Instructions to follow:
Among the entries that follow, locate the line with "There's a possibility" and the line with "So this intersect". Output those lines and all lines in between, exactly, minus the pictures.

Records for the exercise:

%%

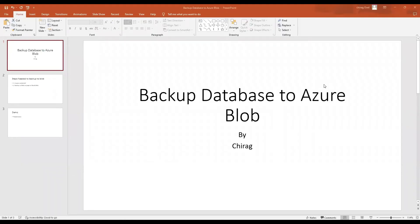Hello and welcome to the SQL DBA channel. Today I'm recording a video on how to backup your databases to Azure Blob. Microsoft provides blob containers, also called storage accounts in Azure, where you can store data as blobs, file shares, queues, and Azure tables. For today's video, I'm going to discuss how to backup SQL Server databases to Azure Blob.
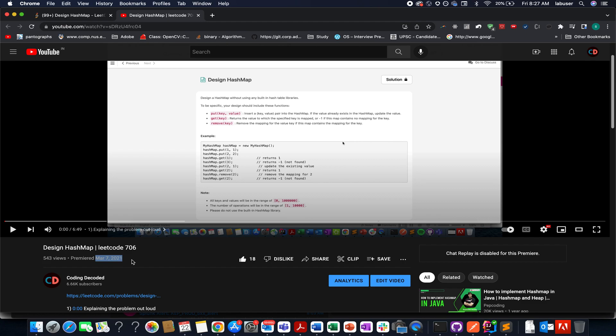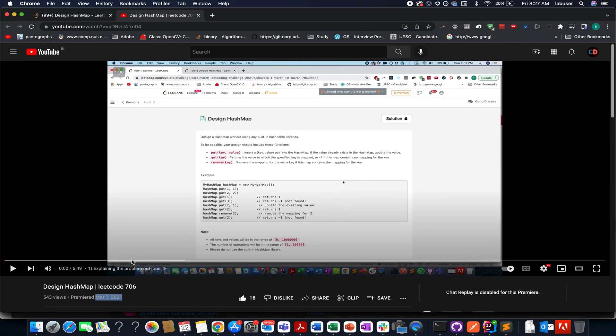To start with, you can look at that video. Also, if you are interested in knowing how Java internally implements a hash map, I am attaching a link to a great article in the description below. Do check this out whenever you get time.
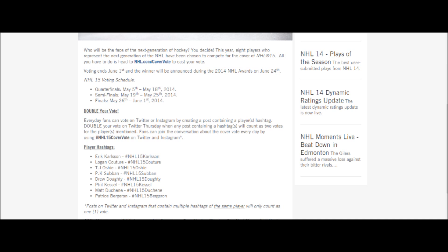There are three ways to vote: NHL.com, Instagram, and Twitter. With Instagram and Twitter, you post a picture and use the hashtag NHL15CoverVote. Then to cast your vote you use the player's specific hashtag. Each player has their own hashtag — for example, Eric Carlson's is hashtag NHL15Carlson. I'll throw it up on the screen so you can see it.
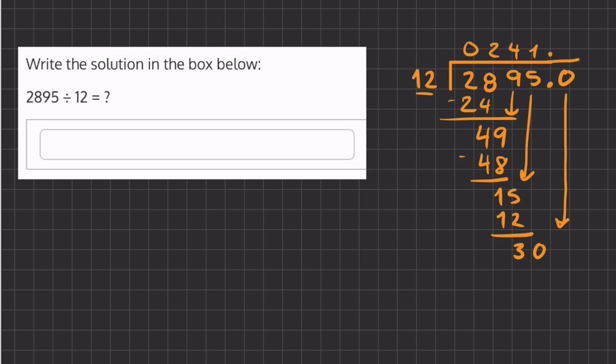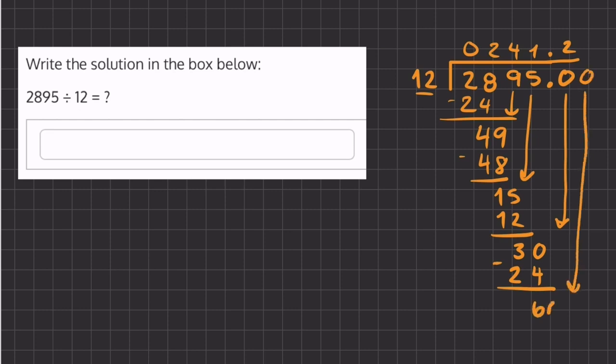That is 2 times, and 2 times 12 gives us 24. 30 minus 24 gives us 6. Now we can add another 0 here and ask ourselves how many times does 12 go into 60.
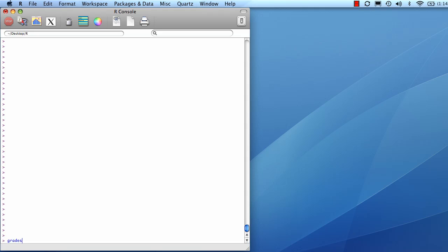So let's take our data set we loaded in called grades. It has four columns and five rows.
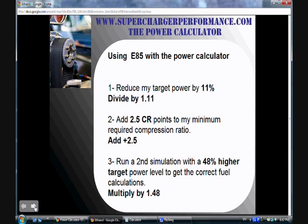Now, to do the ethanol conversion calculation, I bring up my calculator, type in my target power goal of 350 and divide that by 1.11, which gives me 315 horsepower. I take that reduced power goal and input it into the power calculator, redoing my calculations with a target of 315 horsepower. The reason I do this is because ethanol produces 11% more power for the same amount of air, so I can shoot for a more conservative buildup and still reach my power goals.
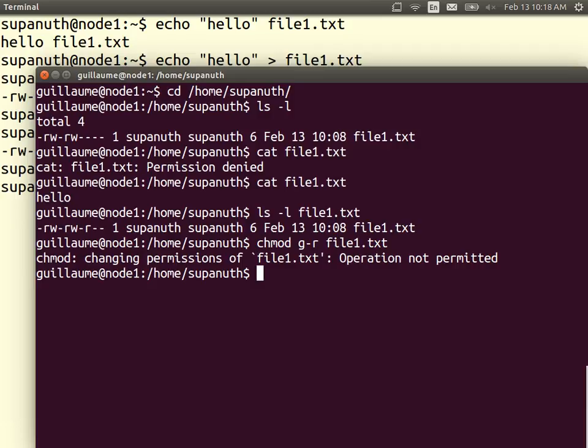Normally the user that owns the file has the ability to change the permissions. Another user who can only read the file does not have the discretion to change permissions on that file — that's the role of ownership.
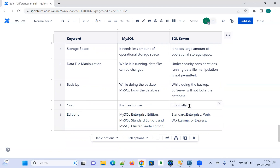Moving on to editions available in the current market: MySQL has the Enterprise edition, Standard edition, and Cluster Grade edition. SQL Server has the Standard, Enterprise, Web, Workgroup, and Express editions.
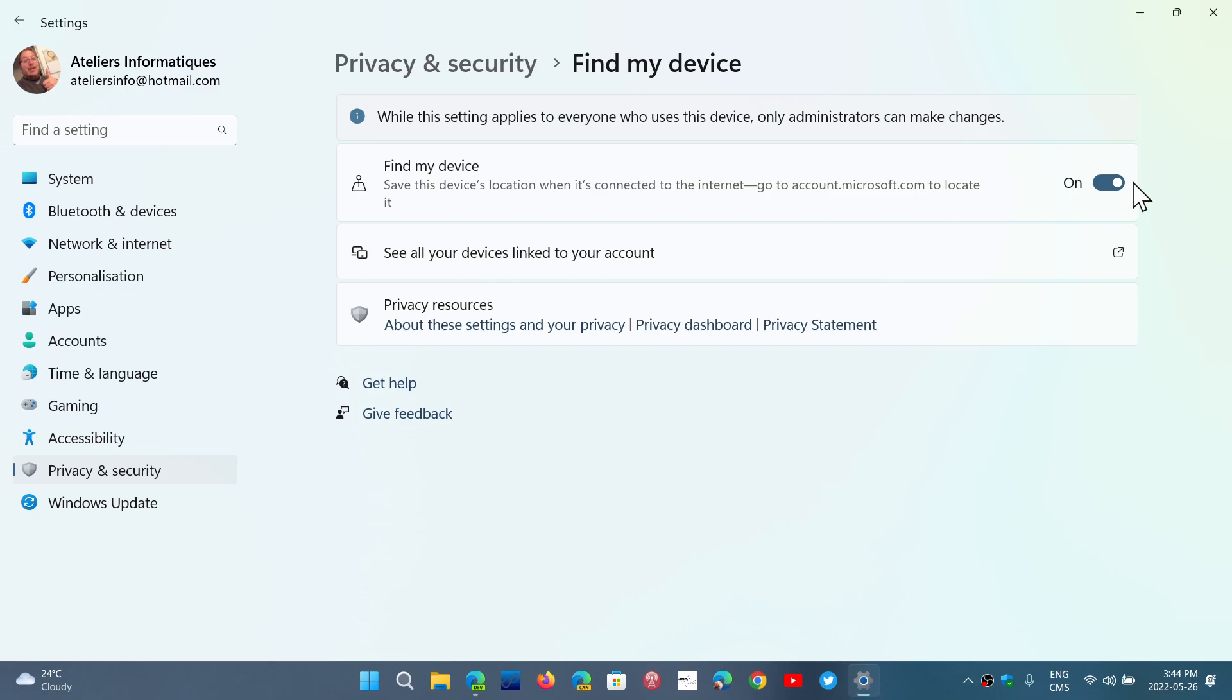There's a possibility of having your device back. So what happens here is Find My Device, when it's on, is every now and then tracking its location.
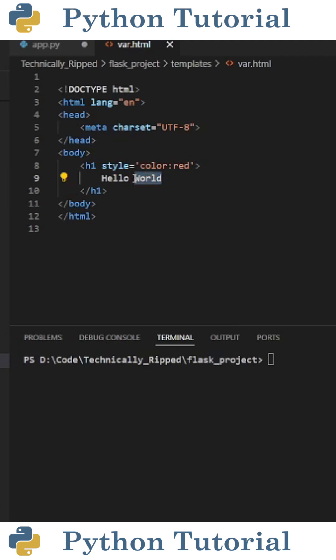instead of it saying hello world, I'm going to change it to hello and then double curly braces name. The double curly braces is the Jinja2 syntax, which allows us to embed the Python variable.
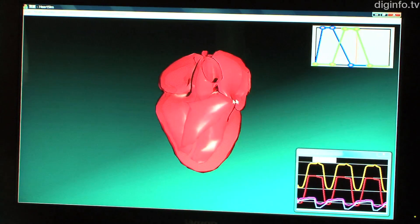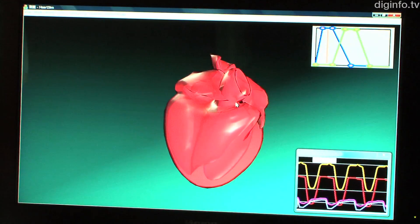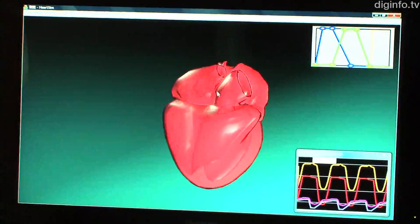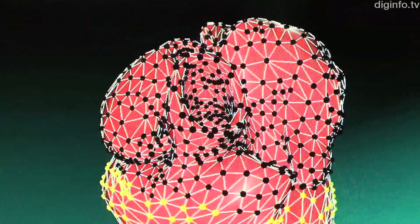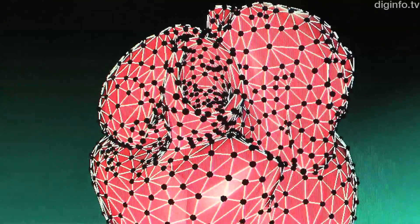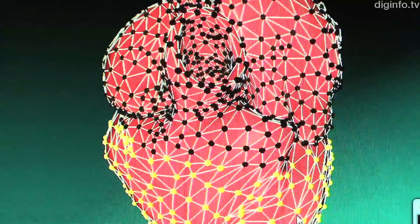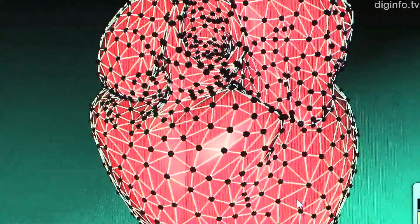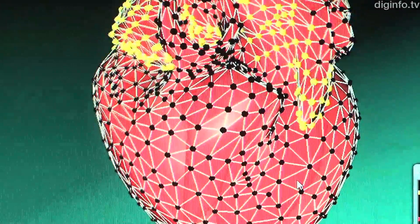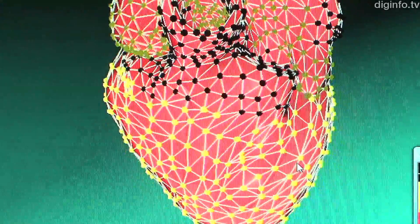This simulator can represent the complex pulsation of the heart. It is being developed by a group including members from the National Cerebral and Cardiovascular Centre and RICAN.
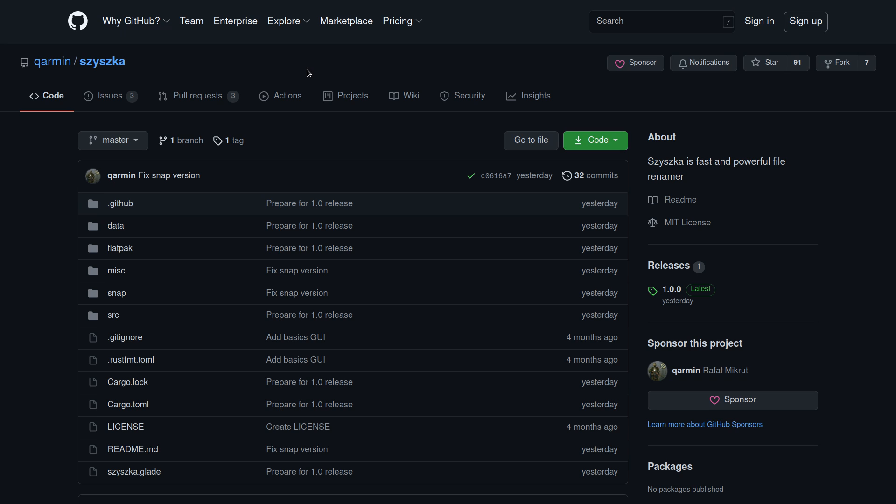Do you like free open source software that's written in Rust with a difficult to pronounce Polish name that I'm probably going to completely butcher throughout this video? Then Czkawka is for you.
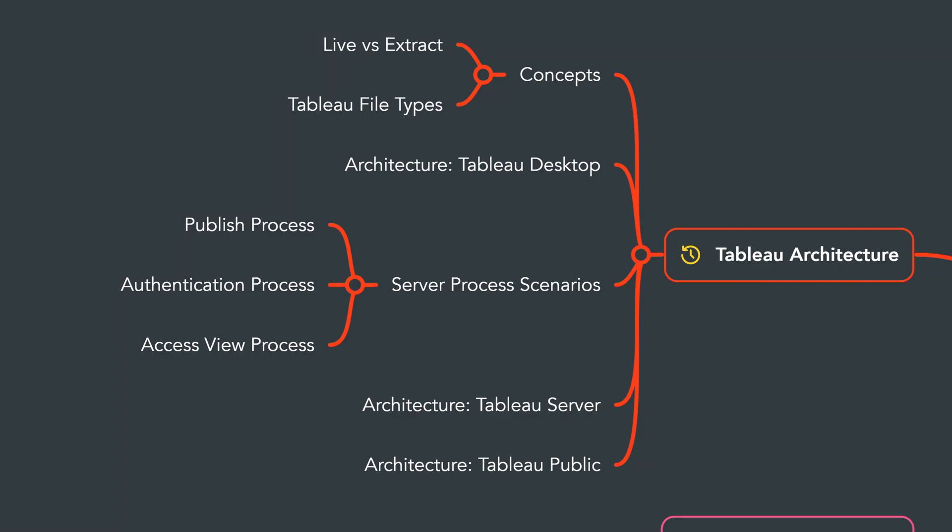In this section you will learn the Tableau architecture to understand how Tableau internally works and what are the main components of it. You will learn some important concepts and we will start with the data source connection types: live and extract.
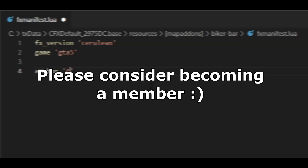Want early access to new tutorials? Be sure to hit the join button on my channel to become a member and gain perks such as early access to new videos and one-on-one support on my Discord.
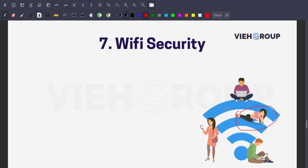Always use routers from reputable companies — Cisco is highly recommended for great security, and TP-Link is another option. Don't buy cheap routers from unreliable sources. It may cost a little more, but choose from companies with strong records in the security field.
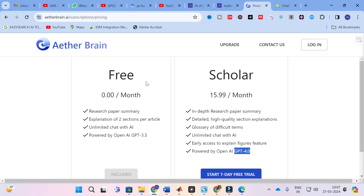This is all about Aether Brain. This video will help bring better awareness about how Aether Brain works. Make use of this option and make your research paper writing simple. Hope this video will be very helpful for you. Thank you for watching — have a nice day!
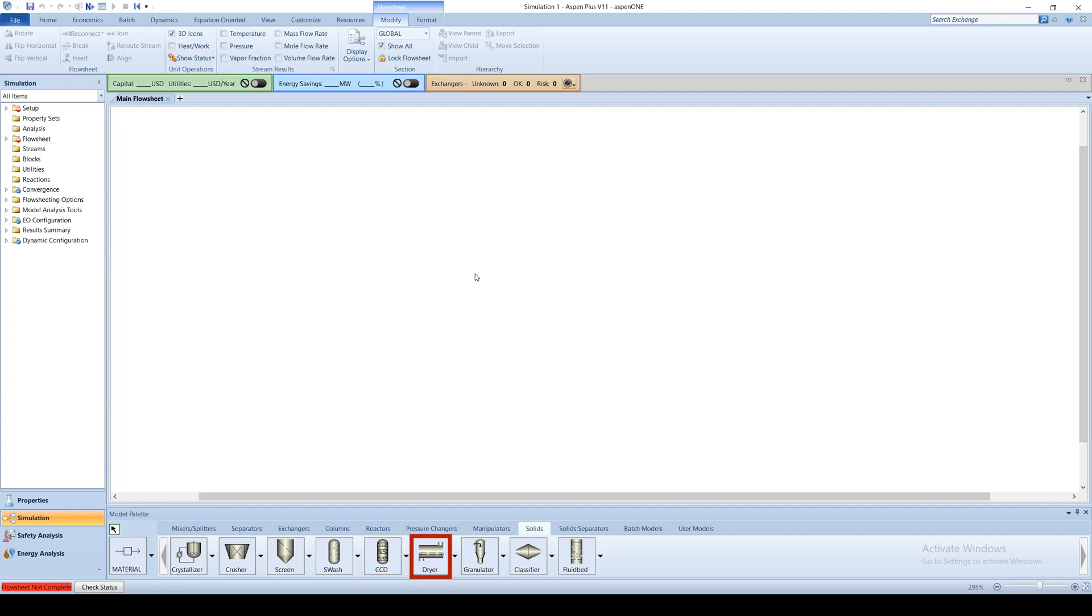Dryer evaporates liquid from wet solids. Granulator increases particle size. Classifier separates solids based on settling velocity.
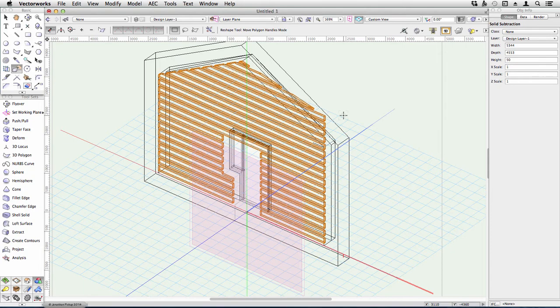So this intersect solids is a very quick way of creating these complex shapes.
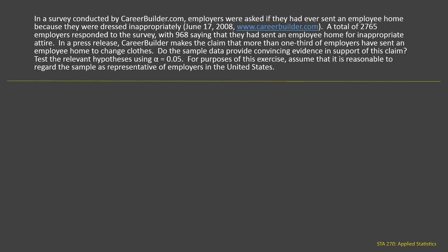Test the relevant hypotheses using alpha equal to .05. For purposes of this exercise, assume that it's reasonable to regard the sample as representative of employers in the United States. So first of all, we need to figure out what type of hypothesis test we're doing here.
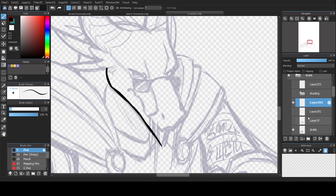If you are a fan of more uniform, cleaner line art, then the curve tool might be something you find useful. Thanks for watching.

%%

Your solution:
There's a possibility of having your device back. So what happens here is Find My Device, when it's on, is every now and then tracking its location.
instead of it saying hello world, I'm going to change it to hello and then double curly braces name. The double curly braces is the Jinja2 syntax, which allows us to embed the Python variable.
This simulator can represent the complex pulsation of the heart. It is being developed by a group including members from the National Cerebral and Cardiovascular Centre and RICAN.
Do you like free open source software that's written in Rust with a difficult to pronounce Polish name that I'm probably going to completely butcher throughout this video? Then Czkawka is for you.
In this section you will learn the Tableau architecture to understand how Tableau internally works and what are the main components of it. You will learn some important concepts and we will start with the data source connection types: live and extract.
Want early access to new tutorials? Be sure to hit the join button on my channel to become a member and gain perks such as early access to new videos and one-on-one support on my Discord.
Always use routers from reputable companies — Cisco is highly recommended for great security, and TP-Link is another option. Don't buy cheap routers from unreliable sources. It may cost a little more, but choose from companies with strong records in the security field.
This is all about Aether Brain. This video will help bring better awareness about how Aether Brain works. Make use of this option and make your research paper writing simple. Hope this video will be very helpful for you. Thank you for watching — have a nice day!
Dryer evaporates liquid from wet solids. Granulator increases particle size. Classifier separates solids based on settling velocity.
So this intersect solids is a very quick way of creating these complex shapes.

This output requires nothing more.